Considerations when choosing a check valve

Choosing the right check valve requires a thorough evaluation of system needs and a cost-benefit analysis. The goal is to balance cost efficiency with minimal pressure loss, but when it comes to check valves, achieving higher safety often entails a tradeoff in terms of pressure loss. To ensure the system is adequately protected, each system needs individual assessment of factors such as the risk of water hammer, acceptable pressure loss, and financial implications of an over-engineered safety margin. For further guidance, refer to our guide on How to choose the right check valve.

Types of check valves

There are various types of check valves available for water and wastewater applications. While they operate in different ways, they all serve the same purpose of preventing backflow. We offer a wide range of check valves, including swing check valves, ball check valves, nozzle check valves and silent check valves. Among the most used types for water and wastewater applications are:

Swing check valves: A swing check valve is mounted with a disc that swings on a hinge or shaft. The disc swings off the seat to allow forward flow and when the flow stops, the disc swings back onto the seat to block reverse flow. Shut-off characteristics depend on the weight of the disc and the return flow.

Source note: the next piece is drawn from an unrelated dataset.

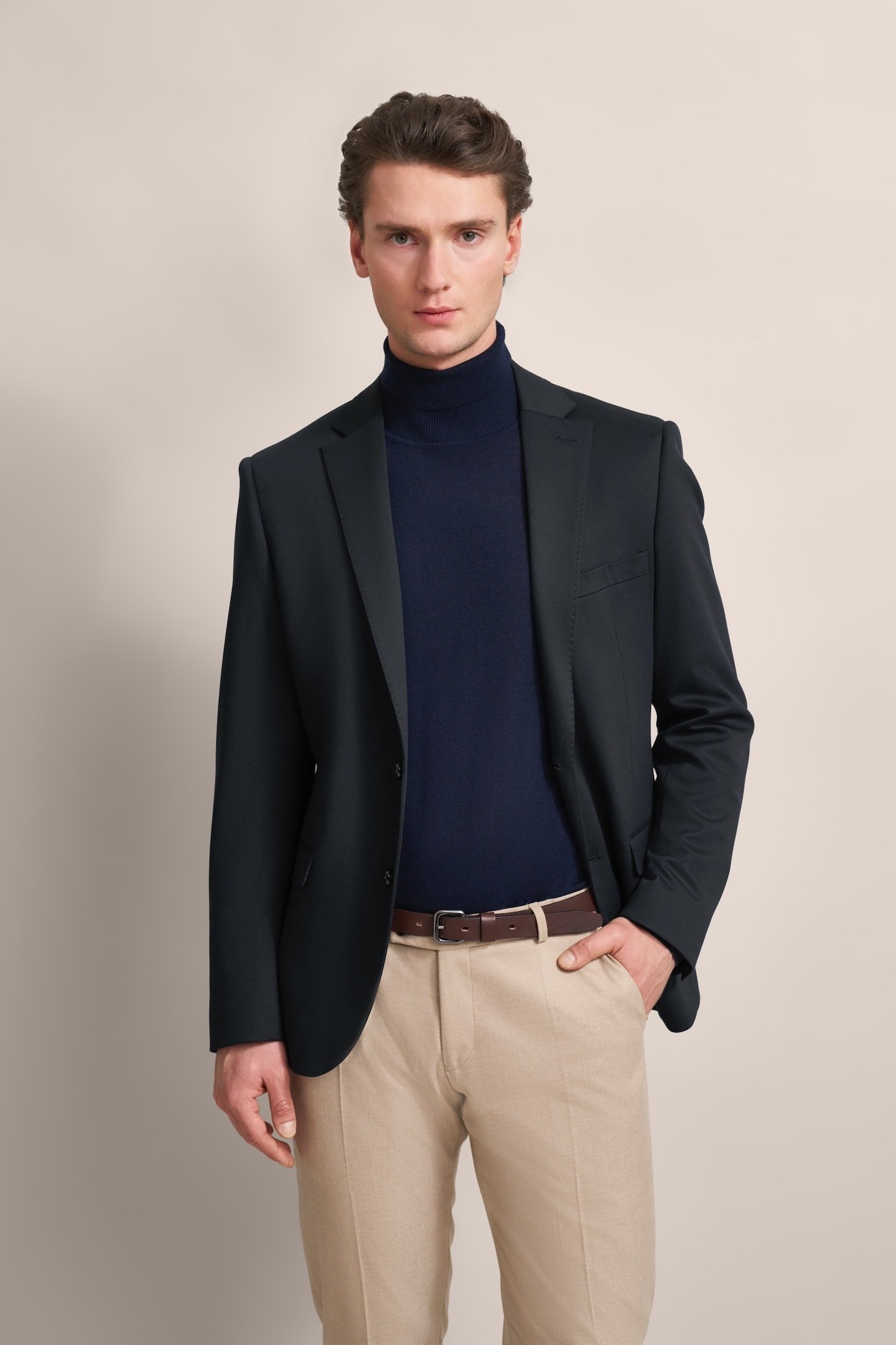 Bugatti Herren Sakko mit dezenter Struktur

Ball check valves: A ball check valve functions by means of a ball that moves up and down inside the valve chamber. The seat is machined to fit the ball, and the conical chamber guides the ball into the seat to seal and prevent reverse flow.

Explore our full range of check valves in the product finder.

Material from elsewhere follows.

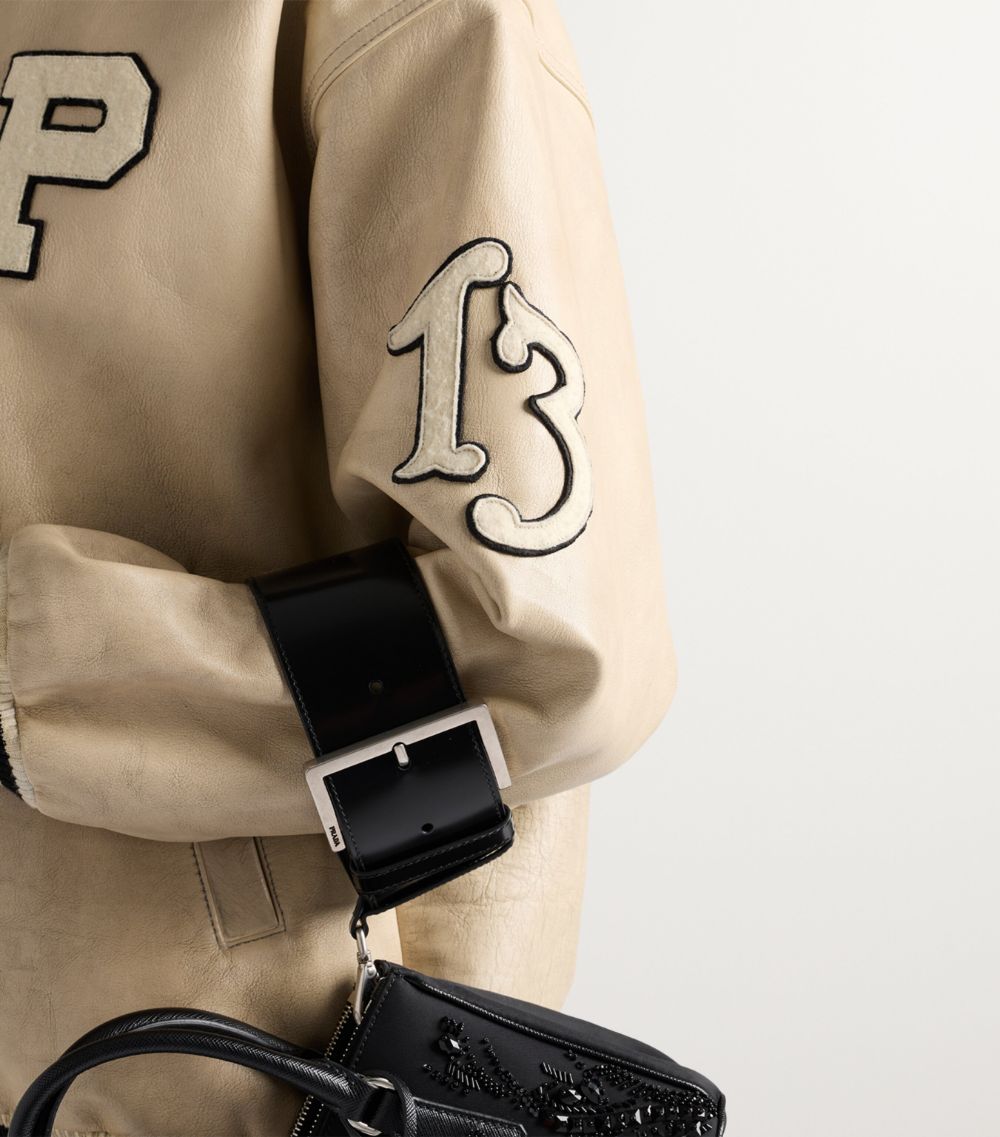 Prada Prada Leather Bomber Jacket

Water hammer and pressure surges

What is water hammer?

Water hammer occurs when the velocity of a fluid in a pipeline system changes rapidly, typically due to the sudden stoppage of flow caused by an obstacle. This can happen, for example, if a valve is closed too rapidly. A rapid change in velocity will send a shock wave through the pipeline, potentially damaging both pipes and equipment. It will continue to travel along the pipeline until the energy has dissipated, and it can cause a localized increase in pressure and produce loud hammering noises. This is the sound of the pipeline expanding under pressure surges.

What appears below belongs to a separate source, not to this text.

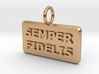 GG3D-048 3d printed Latin wording Semper Fidelis (Always Faithful) pendant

Why pressure surges occur in pipelines

Pressure surges arise when a pump stops or a valve closes too rapidly, causing the flow to continue and creating a vacuum downstream to a pump or valve while building up a very high pressure at the opposite end of the pipeline. When different pressures are present in the pipeline, the flow will move towards the low-pressure area, generating a surge that will continue to travel back and forth until the energy has dissipated and the pressure is stabilised. Although a pressure surge may only be brief, it can amplify system pressure by 10 fold or more, leading to severe damage such as pipe cracks, bursts, cavitation or implosion caused by vacuum pressures. Beyond repair costs and operational downtime, such incidents pose significant health and safety risks. Additionally, repeated smaller surges over time can result in system fatigue failure.